Every line from the line containing "Man in black" through the end of the data is to be reproduced exactly, excluding pictures.

** DATA BELOW follows **

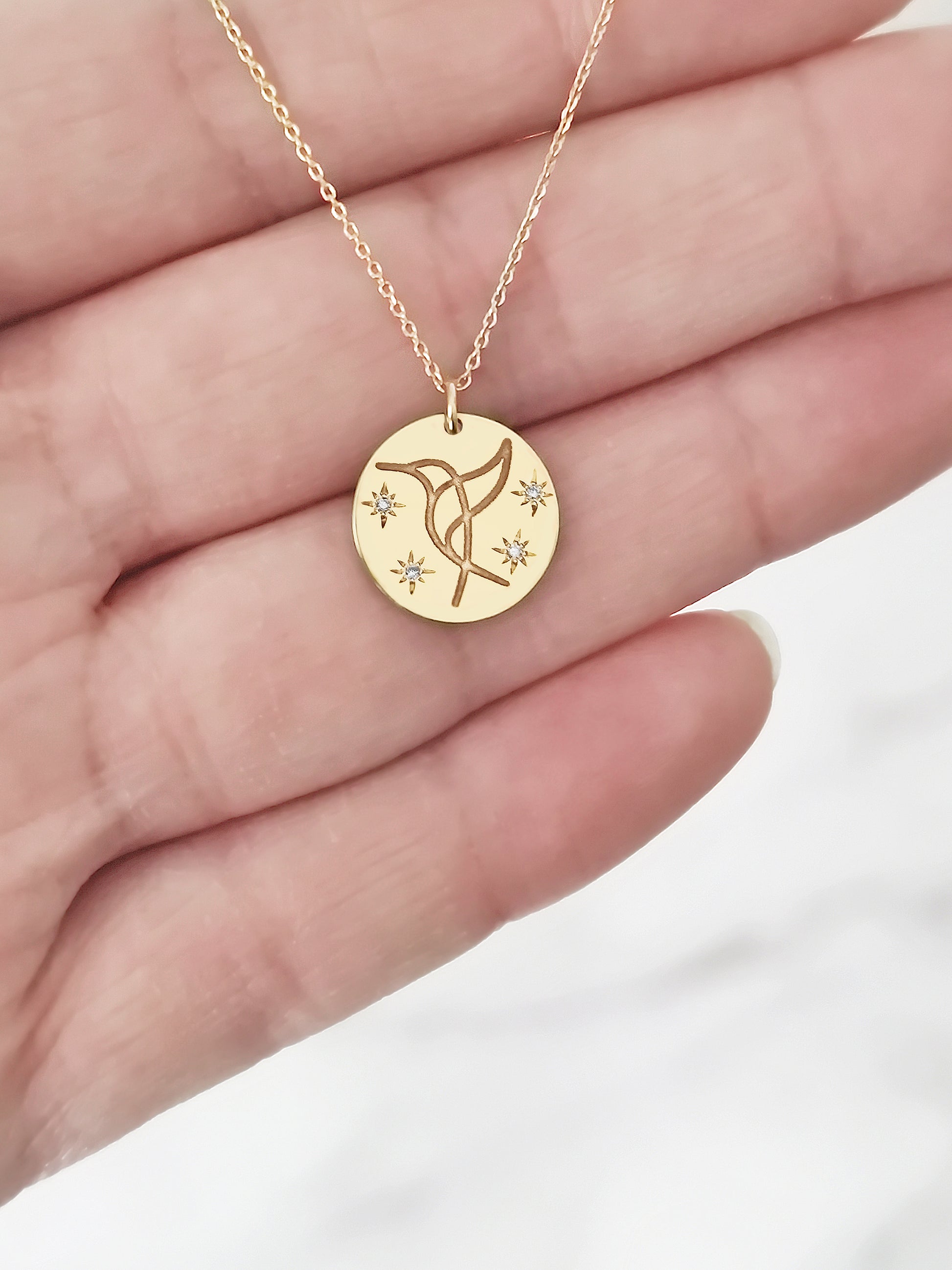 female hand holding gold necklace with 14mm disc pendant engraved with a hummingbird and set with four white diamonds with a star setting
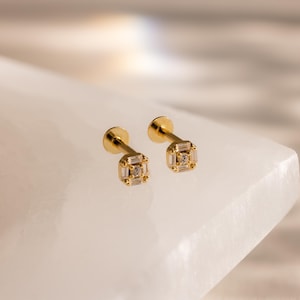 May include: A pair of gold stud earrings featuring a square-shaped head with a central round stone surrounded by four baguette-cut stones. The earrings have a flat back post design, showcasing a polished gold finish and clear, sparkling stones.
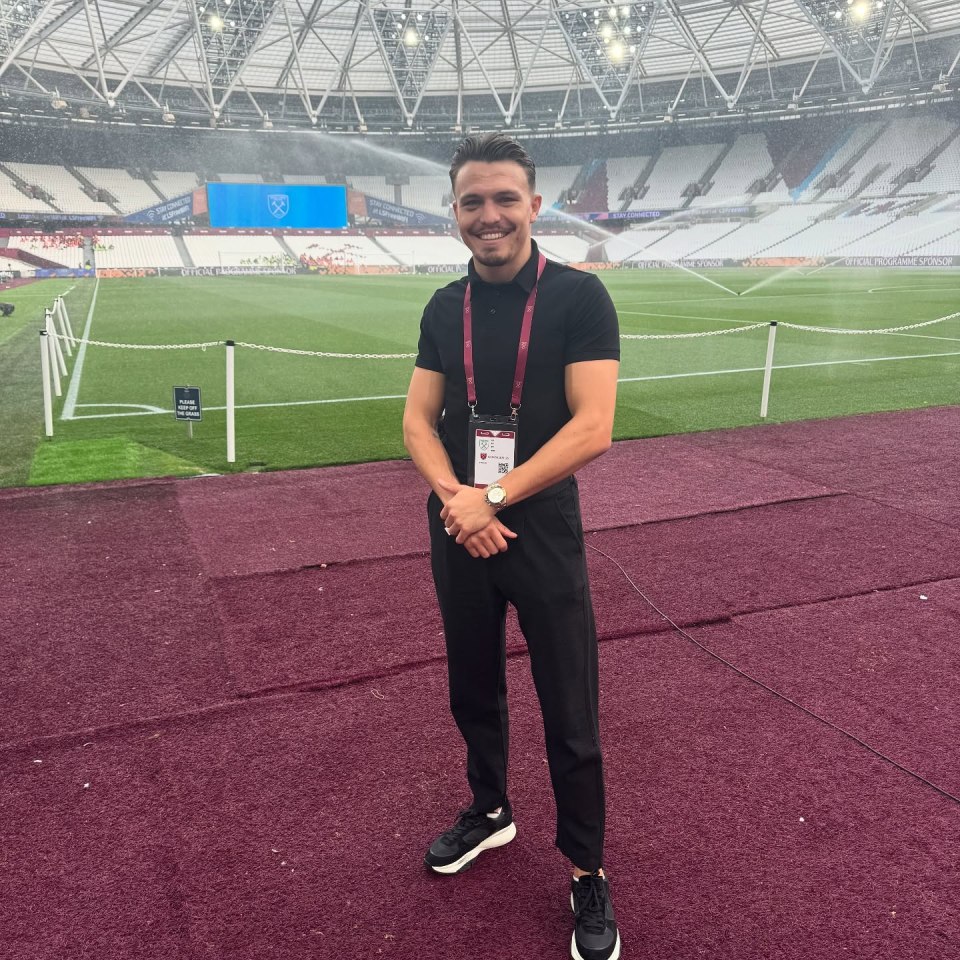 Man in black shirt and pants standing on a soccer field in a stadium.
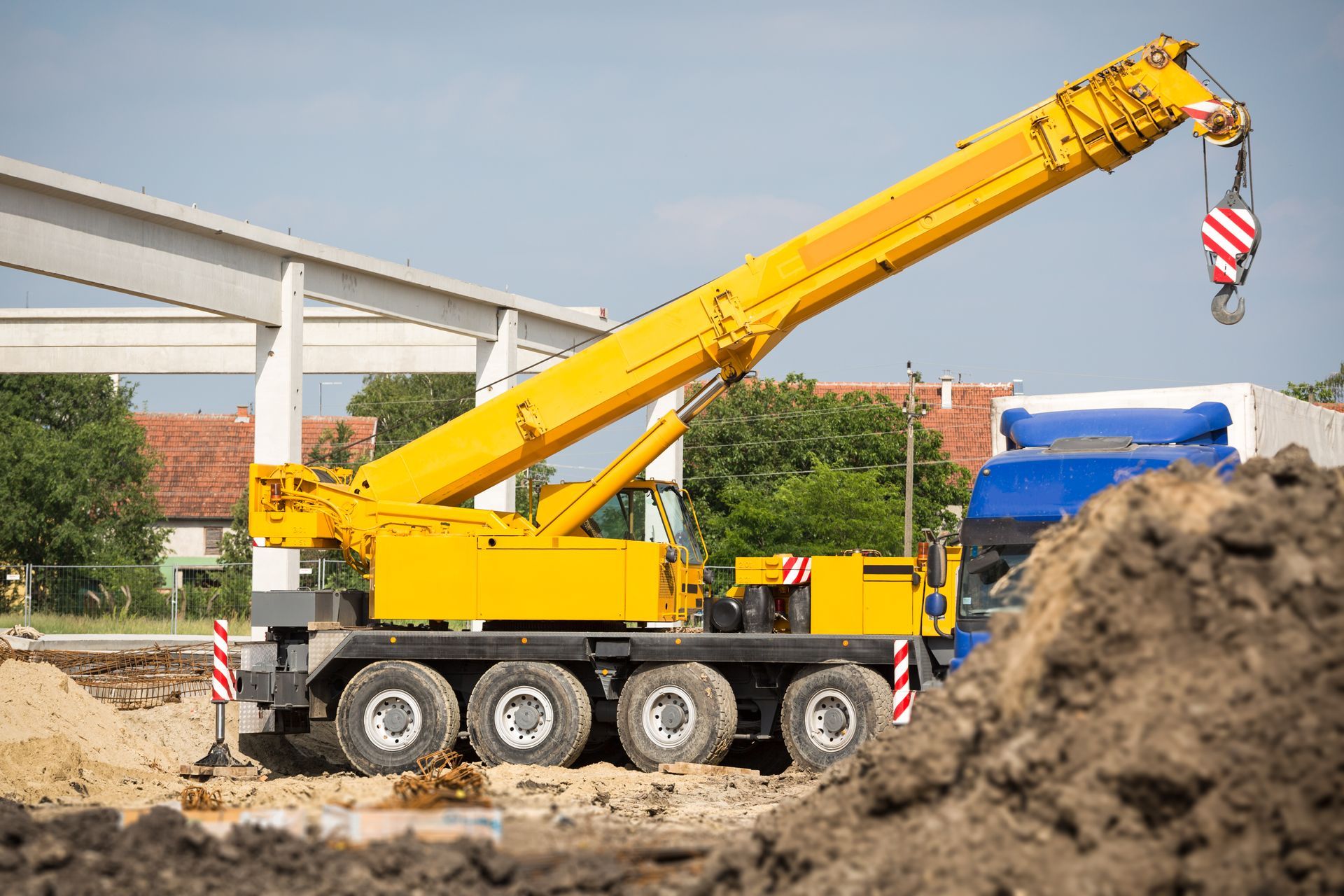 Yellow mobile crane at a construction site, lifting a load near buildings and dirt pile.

** End of DATA BELOW **

- EXERCISE RESPONSE
 Man in black shirt and pants standing on a soccer field in a stadium.
 Yellow mobile crane at a construction site, lifting a load near buildings and dirt pile.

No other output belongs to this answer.